Kundenkonzentrationsrisiko:
Die Topfünf Kunden von Quanta machen 75 % des Umsatzes aus. Ein Auftragseinbruch oder ein Wechsel der Hauptkunden würde Quanta stark treffen. Dies ist auch der Grund, warum Quanta aktiv in das KI-Geschäft investiert, um Risiken zu streuen.

Der Tech-Krieg zwischen China und den USA:
Die Hauptkunden von Quanta sind amerikanische Unternehmen, während die wichtigsten Fabriken in China liegen. Wie Lin Hsiu-wei ein Gleichgewicht in dieser Konfrontation finden kann, ist eine Prüfung seines Scharfsinns.

Kostendruck:
Steigende Rohstoffpreise, höhere Arbeitskosten und strengere Umweltauflagen drücken alle die Gewinnmargen der Auftragsfertigung. Quanta muss ständig das Automatisierungsniveau erhöhen, um wettbewerbsfähig zu bleiben.

Neue Chancen im KI-Zeitalter

Der Markt für AI-Server ist gerade erst am Anfang. Schätzungen zufolge werden die vier großen Cloud-Anbieter (Amazon, Microsoft, Google, Meta) zwischen 2024 und 2026 370 Milliarden US-Dollar in die Errichtung von KI-Infrastruktur investieren, was etwa 11,6 Billionen TWD entspricht.

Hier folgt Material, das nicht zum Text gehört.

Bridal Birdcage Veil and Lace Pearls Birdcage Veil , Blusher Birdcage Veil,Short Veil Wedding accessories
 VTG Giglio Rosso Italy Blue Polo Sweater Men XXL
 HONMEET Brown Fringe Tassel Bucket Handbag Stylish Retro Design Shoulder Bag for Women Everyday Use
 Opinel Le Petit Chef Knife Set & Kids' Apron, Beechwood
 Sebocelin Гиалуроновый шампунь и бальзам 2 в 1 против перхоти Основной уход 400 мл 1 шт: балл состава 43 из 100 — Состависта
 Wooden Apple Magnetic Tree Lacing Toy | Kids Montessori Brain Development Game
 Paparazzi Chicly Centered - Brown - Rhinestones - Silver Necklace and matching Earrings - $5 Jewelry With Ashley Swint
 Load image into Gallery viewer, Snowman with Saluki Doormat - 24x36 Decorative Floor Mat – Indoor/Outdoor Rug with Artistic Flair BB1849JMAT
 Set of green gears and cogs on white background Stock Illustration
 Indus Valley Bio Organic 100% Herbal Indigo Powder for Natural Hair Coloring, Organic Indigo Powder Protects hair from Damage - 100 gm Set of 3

Quanta ist in dieser Welle gut positioniert:

  • Enge Zusammenarbeit mit NVIDIA
  • Vorteile in Präzisionsfertigung und Kühlsystemtechnologie
  • Globale Fertigungs- und Servicemöglichkeiten
  • Reiche Erfahrung mit Rechenzentrumsausrüstung

Lin Hsiu-wei prognostiziert, dass der Umsatz aus KI-Servern im nächsten Jahr ein „dreistelliges Wachstum“ verzeichnen wird und den Anteil am Cloud-Geschäft auf über 70 % steigern wird.

Warum ist Quanta wichtig?

Die Geschichte von Quanta ist ein Mikrokosmos davon, wie Taiwan vom „Fertigungsinsel“-Modell zum „Designinsel“-Modell gewandelt ist.

Innovationsfähigkeit: Von dem ultradünnen Design des MacBook Air bis zur Flüssigkeitskühlung der KI-Server hat Quanta bewiesen, dass Taiwan nicht nur herstellen, sondern auch innovieren kann.

Lieferkettenstellung: Quanta ist ein kritischer Knotenpunkt in der globalen Technologie-Wertschöpfungskette und spielt sowohl im PC-Zeitalter als auch im KI-Zeitalter eine unverzichtbare Rolle.

Talentförderung: Quanta hat unzählige Ingenieure und Manager ausgebildet, die zu anderen Unternehmen wechseln und die gesamte taiwanesische Technologiebranche voranbringen.

Industrieller Aufstieg: Von der Neugründung nach dem Brand bis zur Transformation ins KI-Zeitalter demonstriert Quanta die Widerstandsfähigkeit und Anpassungsfähigkeit des taiwanesischen Unternehmens.

Der Brand von 1987 zerstörte Lin Hsiu-weis Zukunft bei Innolight, aber er schuf auch die Zukunft von Quanta. Nach 36 Jahren arbeitet dieser 75-jährige „technische Wildling“ weiterhin an der nächsten Dekade.

In einer Zeit, in der KI alles neu definiert, steht Quanta erneut an vorderster Front des Wandels. Dieses Mal montiert es nicht nur Computer, sondern auch die Zukunft.


Referenzen

Über diesen Artikel Dieser Artikel wurde gemeinschaftlich sowie mit Unterstützung von AI verfasst und geprüft.